An oral hearing into controversial plans to build a new town at Adamstown near Lucan, Co Dublin, opens today.
It is planned Adamstown would become home to about 20,000 - a population bigger than many towns in the Greater Dublin Area.
The plan has been appealed to An Bord Pleanála, which has appointed an independent inspector to hold the oral hearing. The hearing opens today at the Gresham Hotel in Dublin and is expected to last up to eight days.
Up to 10,000 housing units would be constructed on the 500-acre site at Adamstown under a draft development scheme drawn up by planners.
South Dublin County Council has given the green light to the proposals despite strong objections from some residents' groups in the Lucan area.
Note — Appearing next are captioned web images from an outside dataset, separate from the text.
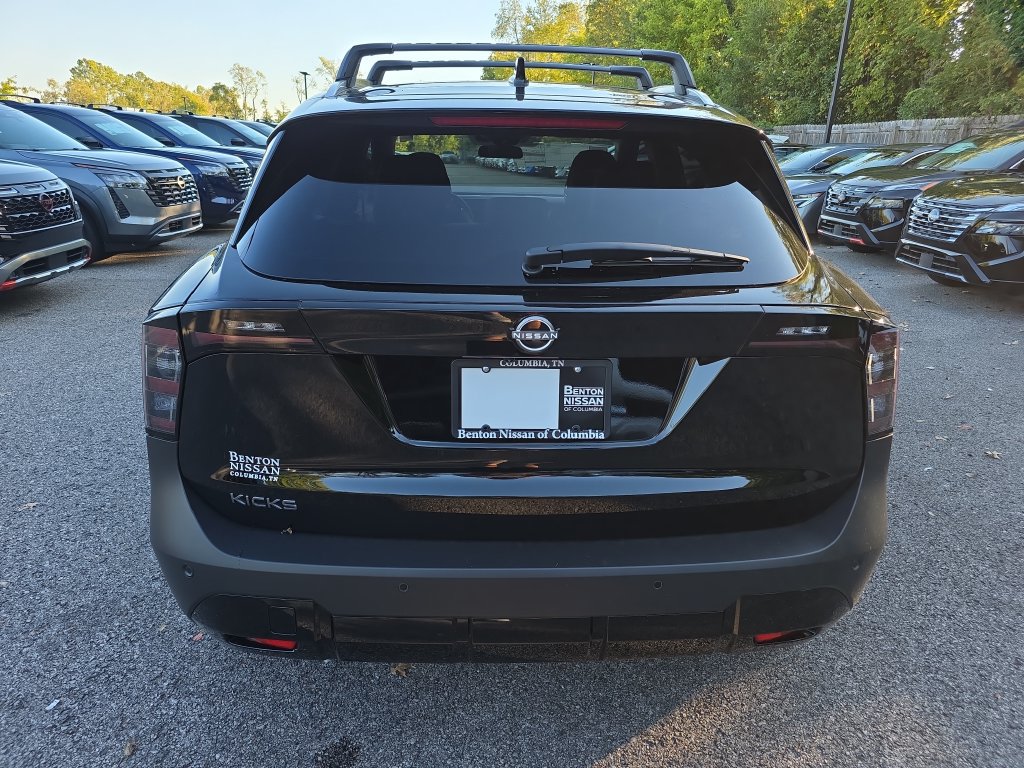 New 2027 Nissan Kicks SR w/ SR Premium Package FWD image 9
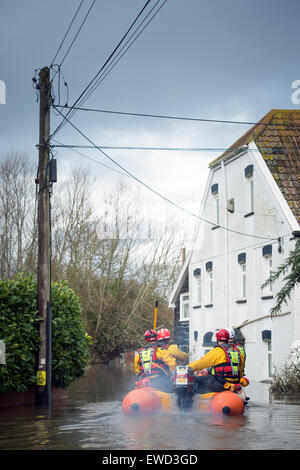 RNLI delle squadre di soccorso in Lyng, Somerset durante le inondazioni nel Feb 2014 Foto Stock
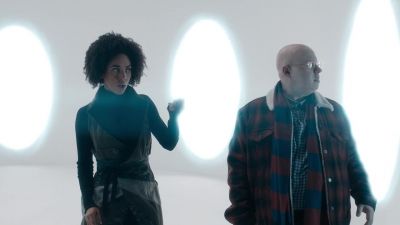 - So, the Pentagon is through there...
- Yeah. - Doctor Who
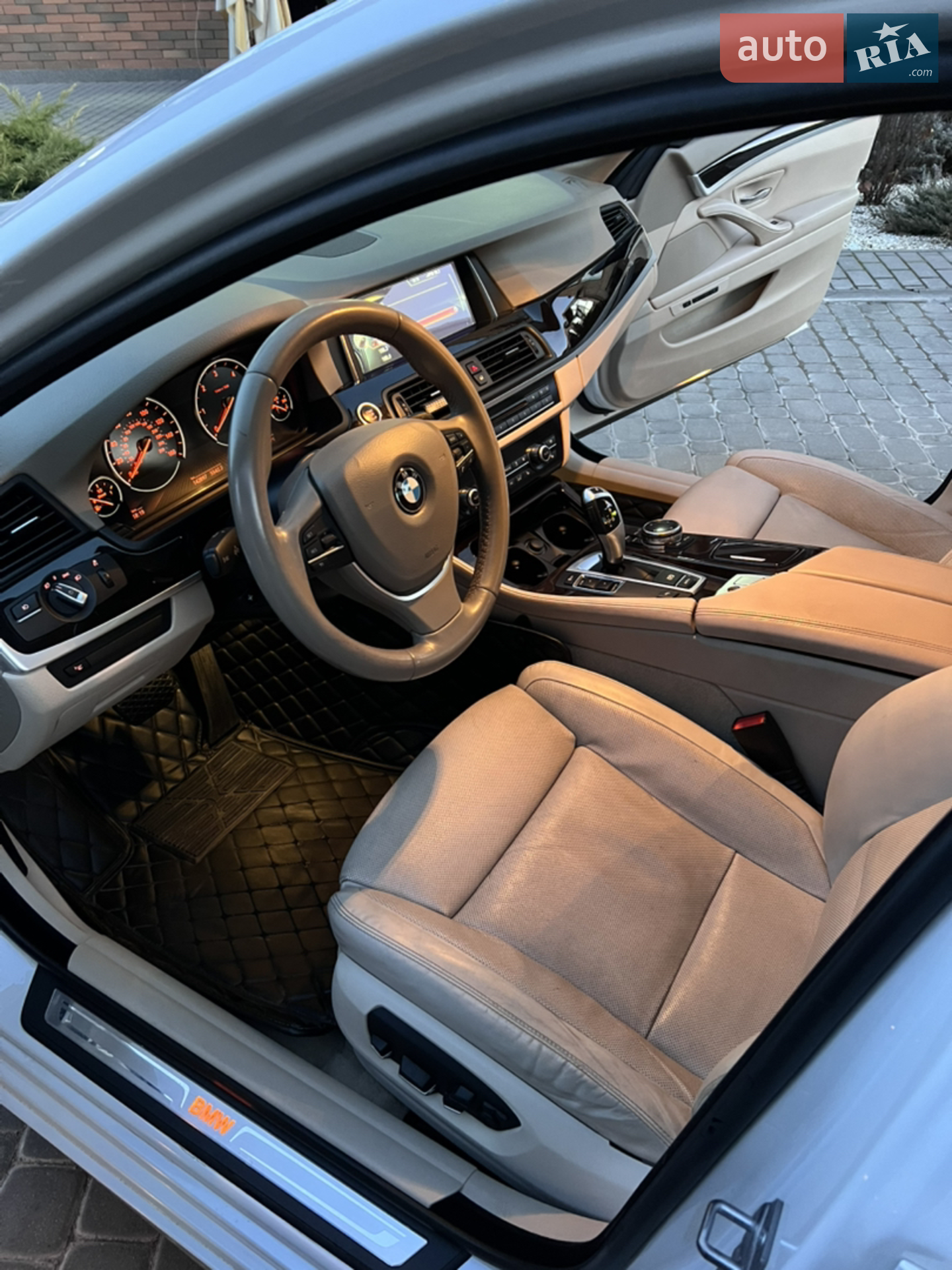 2013 BMW 5er - мініатюра 18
Local people claim the new town will create traffic congestion and further stretch resources already under pressure from Lucan's own fast growth rate.
Planners at South Dublin County Council have defended the planned new town, claiming it is a "sustainable urban expansion".
They say the Adamstown scheme has been designed to ensure that infrastructure, services, facilities and amenities will be provided in tandem with development.
Adamstown will not be a "high-rise" development but will involved what planners say is a "modest" increase in density compared to existing suburbs.
Those behind the scheme also argue that although Adamstown could accommodate more than 20,000 people, it will take 15 years or more before such a population is reached because it will be built in phases.